いつか退職後にフランスに移住してヨーロッパを旅行したいとは思っていたけど、こんなに早く来るつもりはなかった。今考えると、老後に困らないように、移住前に投資目的で買ってしまったアパートが、私達の気持ちをどんどん加速させてしまったように思う。

 

私と夫はアパートと地下を買った。アパートは、住める人は住めるだろうけど、私達は今どきじゃない部屋をどうにか変えて気持ち良く貸したかった。夫が内装工事業者に依頼する必要があり、妊婦の時にフランスに旅行でやってきたのだ。内装工事する会社を探していた夫に、家を自分で建てた義父が言う。「そんなお金使わないで良い、俺がやってやる」。そのアパートはおかしな作りで、ベランダにトイレがあった。大雨の日にトイレに行きたくなったら、一瞬でも濡れるような作りポーン。トイレは部屋の中に作りなおさないとおかしいとか考え、全面改装することにした。だから、工事をするとなれば、使えるトイレもお風呂もなくなるのだ。そんなところの工事を買って出るとはなんと律儀な人なんだろう。と私は思った。この頃の私はまだ義父に対して嫌な感情はもっていなかった。

 

だから、妊婦で重い物も持ちたくないし、階段も上がり降りなんてしたくはなかったけど、私達がフランスにいる間だけでもと思い、毎日手間のかかる料理を自分のキッチンでもない所でした。

 

義父は3男に買ってあげたトラックでやってきた。どんどん工事を始めて欲しいのに、夫がホームセンターに必要な物を買いに行っている間など、目を離した隙に義父毎日通うのは地下。地下から物を出して、トラックに詰め込んでいた。トラックがいっぱいになると、一旦自分の家に帰り、またやってくる。私も夫も地下は一番最後で良い、とにかく部屋をどうにか改装して貸し出さないと毎月のローンを払うのが大変だ。そう話しても、義父の興味は地下だった。来る日も来る日も地下に行き、フランス滞在中の3週間、そんな人の為に妊婦だった私は酒を買いに行き、昼夜料理させられた。

 

そう、義父の目的は宝探し。あんな地下から、財宝が出てきたとは思わないが、何かをせっせこせっせこ積んでは家に戻っていった。

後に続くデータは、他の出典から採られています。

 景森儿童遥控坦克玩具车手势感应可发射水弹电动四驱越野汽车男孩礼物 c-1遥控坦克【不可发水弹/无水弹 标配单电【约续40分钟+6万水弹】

私も夫も義父が何を見つけたのか知らない。何も語らず、もらって良いかと聞きもせず、まるで自分が買った場所かのように勝手に持ち帰って行った。

 

私達が帰る時、義父はやっておくからと言い、アパートの鍵を持っていた。だが結果から言うと、一度義母と義姪と休みに1週間別荘として使われただけで、全く部屋の改装は進まなかった。